British Columbians with cabins are not the intended targets of a new speculation tax, the finance minister says.

Carole James is fielding concerns about whether the tax will have unintended consequences on those who live in the province but also own vacation properties.

The tax was announced in February; those who own homes they don't live in or rent out will have to pay. A finance ministry fact sheet says the tax will target foreign and domestic speculators, and that a non-refundable income tax credit will help offset the tax for B.C. residents.

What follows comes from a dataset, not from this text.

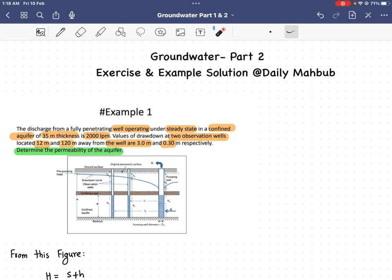Hello everyone, today I'm going to solve some problems related to the groundwater chapter. The question is: the discharge from a fully penetrating well operating under steady state in a confined aquifer of 35 meter thickness is 2000 liters per minute. Values of drawdown at two observation wells located 12 meter and 120 meter away from the well are 3 meter and 0.3 meter respectively.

Still, one MLA said he's concerned the tax is too broad, and that seniors who've long owned vacation homes will be hit with a big bill. Adam Olsen says he's been hearing from residents of the Gulf Islands.

"For the most part, they're retired folks who've had a vacation property on the Gulf Islands for decades, on a fixed income," the Green MLA said.

"They're telling stories about how this is going to impact them and how it's going to cost them a lot more money."

James said the new tax isn't aimed at people like those who've voiced concerns to Olsen.

"The purpose of the speculation tax is to make sure that we get speculators who are using our housing market as a stock market out of the business," she said.

The tax applies to homes in Metro Vancouver, the Fraser Valley, Nanaimo, Kelowna and West Kelowna and the Capital Region, including the Gulf Islands.

James said further details are expected later in the spring. The new tax will apply to this year.